-- WHAT IS EXPECTED --
Go through the listing below and reproduce it word for word.

-- LISTED RECORDS --
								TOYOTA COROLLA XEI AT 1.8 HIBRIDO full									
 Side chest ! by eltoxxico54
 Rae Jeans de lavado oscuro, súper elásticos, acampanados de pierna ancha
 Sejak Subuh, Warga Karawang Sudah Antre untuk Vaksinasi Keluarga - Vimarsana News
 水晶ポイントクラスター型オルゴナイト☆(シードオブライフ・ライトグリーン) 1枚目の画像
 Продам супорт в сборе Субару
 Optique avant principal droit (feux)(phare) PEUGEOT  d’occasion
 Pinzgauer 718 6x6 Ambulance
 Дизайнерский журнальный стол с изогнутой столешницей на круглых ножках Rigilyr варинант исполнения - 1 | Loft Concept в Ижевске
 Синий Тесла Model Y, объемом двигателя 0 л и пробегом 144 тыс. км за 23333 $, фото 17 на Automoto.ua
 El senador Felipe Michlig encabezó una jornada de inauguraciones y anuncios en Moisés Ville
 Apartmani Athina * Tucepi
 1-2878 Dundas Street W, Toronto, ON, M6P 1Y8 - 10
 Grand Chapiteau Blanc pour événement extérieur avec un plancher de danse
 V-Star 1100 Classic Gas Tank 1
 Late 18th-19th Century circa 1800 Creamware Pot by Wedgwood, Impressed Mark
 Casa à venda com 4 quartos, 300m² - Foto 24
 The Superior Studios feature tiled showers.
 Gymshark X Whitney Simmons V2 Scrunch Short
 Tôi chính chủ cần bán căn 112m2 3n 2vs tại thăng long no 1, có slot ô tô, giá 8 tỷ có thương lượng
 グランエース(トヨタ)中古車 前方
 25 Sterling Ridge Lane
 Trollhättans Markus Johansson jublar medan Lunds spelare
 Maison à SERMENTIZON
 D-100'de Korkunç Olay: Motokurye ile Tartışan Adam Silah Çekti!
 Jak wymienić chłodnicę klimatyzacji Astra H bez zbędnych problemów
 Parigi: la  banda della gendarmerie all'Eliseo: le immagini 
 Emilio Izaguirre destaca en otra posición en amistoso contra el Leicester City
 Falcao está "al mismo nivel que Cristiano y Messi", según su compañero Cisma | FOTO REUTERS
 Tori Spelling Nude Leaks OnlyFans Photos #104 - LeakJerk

-- OUTPUT FOR THIS EXERCISE --
								TOYOTA COROLLA XEI AT 1.8 HIBRIDO full									
 Side chest ! by eltoxxico54
 Rae Jeans de lavado oscuro, súper elásticos, acampanados de pierna ancha
 Sejak Subuh, Warga Karawang Sudah Antre untuk Vaksinasi Keluarga - Vimarsana News
 水晶ポイントクラスター型オルゴナイト☆(シードオブライフ・ライトグリーン) 1枚目の画像
 Продам супорт в сборе Субару
 Optique avant principal droit (feux)(phare) PEUGEOT  d’occasion
 Pinzgauer 718 6x6 Ambulance
 Дизайнерский журнальный стол с изогнутой столешницей на круглых ножках Rigilyr варинант исполнения - 1 | Loft Concept в Ижевске
 Синий Тесла Model Y, объемом двигателя 0 л и пробегом 144 тыс. км за 23333 $, фото 17 на Automoto.ua
 El senador Felipe Michlig encabezó una jornada de inauguraciones y anuncios en Moisés Ville
 Apartmani Athina * Tucepi
 1-2878 Dundas Street W, Toronto, ON, M6P 1Y8 - 10
 Grand Chapiteau Blanc pour événement extérieur avec un plancher de danse
 V-Star 1100 Classic Gas Tank 1
 Late 18th-19th Century circa 1800 Creamware Pot by Wedgwood, Impressed Mark
 Casa à venda com 4 quartos, 300m² - Foto 24
 The Superior Studios feature tiled showers.
 Gymshark X Whitney Simmons V2 Scrunch Short
 Tôi chính chủ cần bán căn 112m2 3n 2vs tại thăng long no 1, có slot ô tô, giá 8 tỷ có thương lượng
 グランエース(トヨタ)中古車 前方
 25 Sterling Ridge Lane
 Trollhättans Markus Johansson jublar medan Lunds spelare
 Maison à SERMENTIZON
 D-100'de Korkunç Olay: Motokurye ile Tartışan Adam Silah Çekti!
 Jak wymienić chłodnicę klimatyzacji Astra H bez zbędnych problemów
 Parigi: la  banda della gendarmerie all'Eliseo: le immagini 
 Emilio Izaguirre destaca en otra posición en amistoso contra el Leicester City
 Falcao está "al mismo nivel que Cristiano y Messi", según su compañero Cisma | FOTO REUTERS
 Tori Spelling Nude Leaks OnlyFans Photos #104 - LeakJerk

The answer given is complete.